◆ Aim of the exercise
Repeat exactly the lines of the material below that run from the "42GRF-9000, Allen-Bradley, Photoswitch" line to the "Building Photo - 4413 E Odessa Dr" line, including both, and do not carry over any pictures.

◆ Given data
───

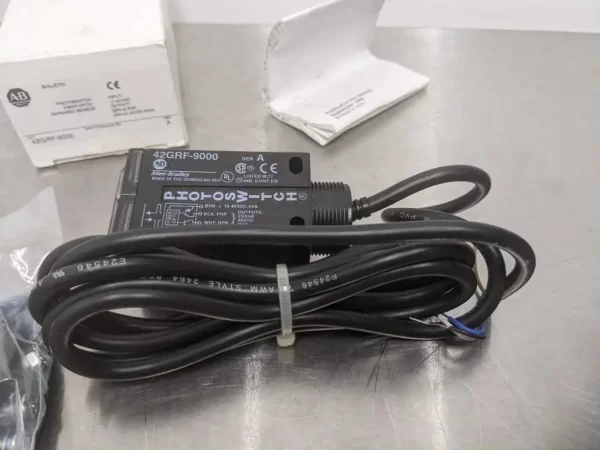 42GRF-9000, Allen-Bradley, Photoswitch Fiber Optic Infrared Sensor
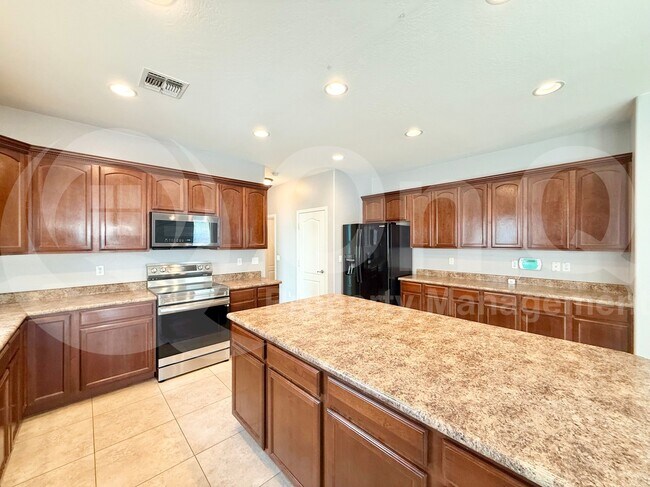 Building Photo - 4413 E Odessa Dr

───

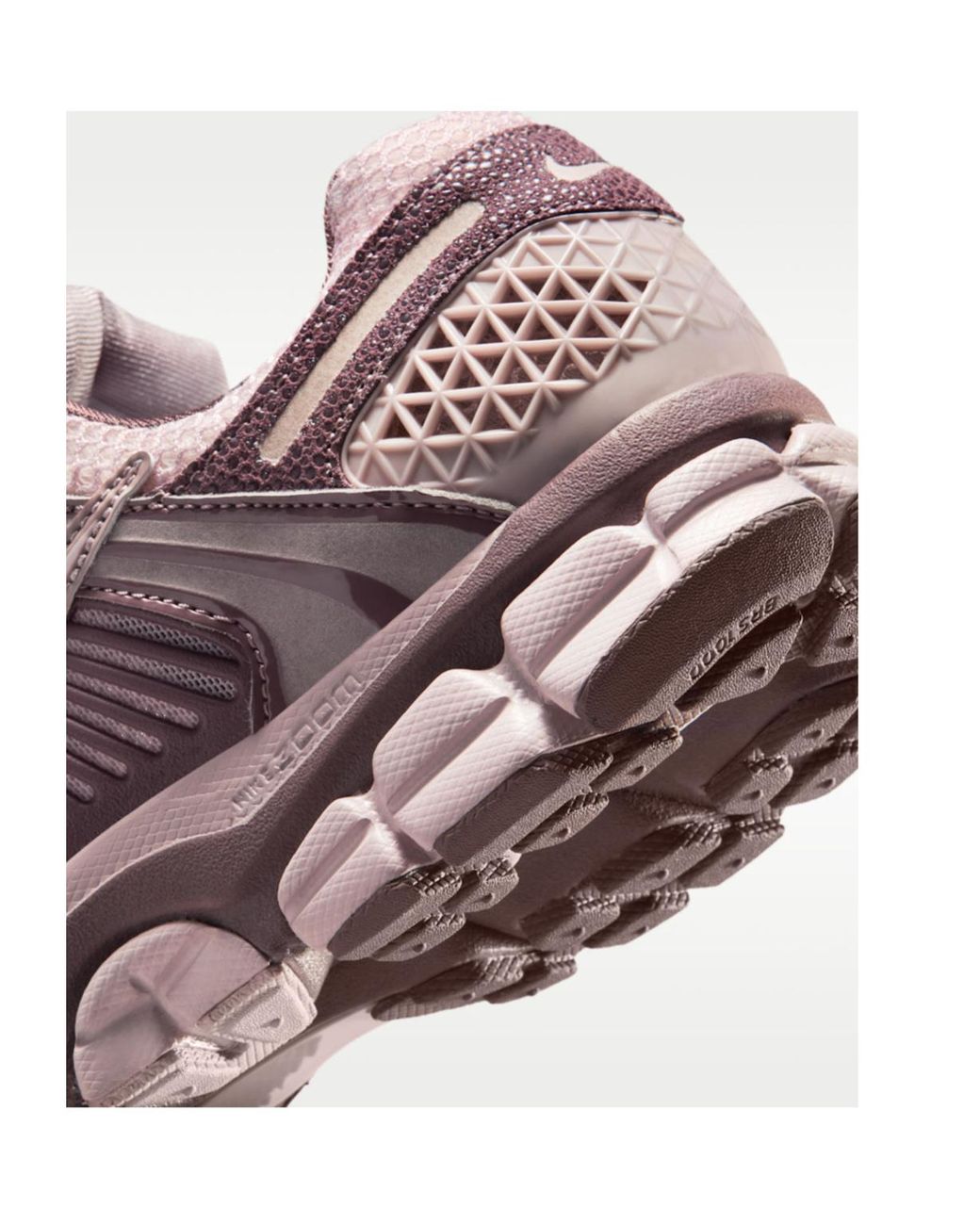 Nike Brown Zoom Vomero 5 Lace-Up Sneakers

───

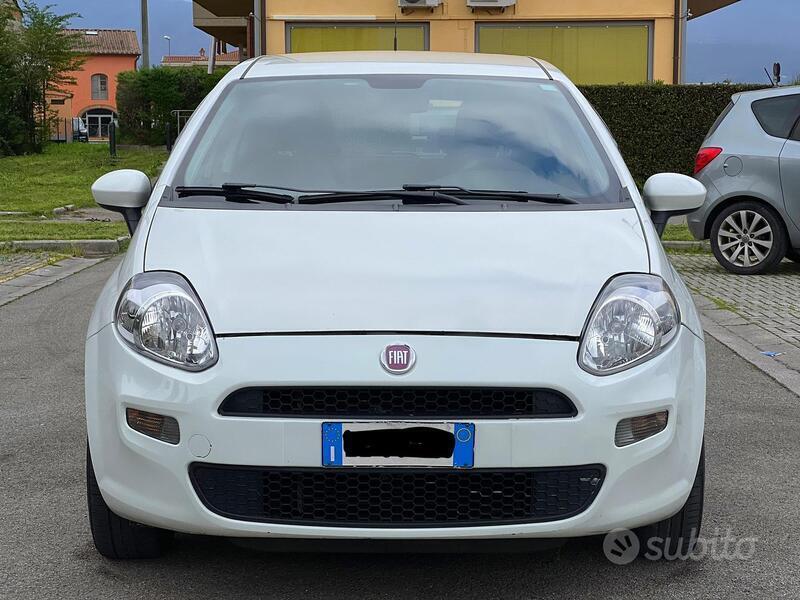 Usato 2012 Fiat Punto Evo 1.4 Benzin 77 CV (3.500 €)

───

◆ Task answer
 42GRF-9000, Allen-Bradley, Photoswitch Fiber Optic Infrared Sensor
 Building Photo - 4413 E Odessa Dr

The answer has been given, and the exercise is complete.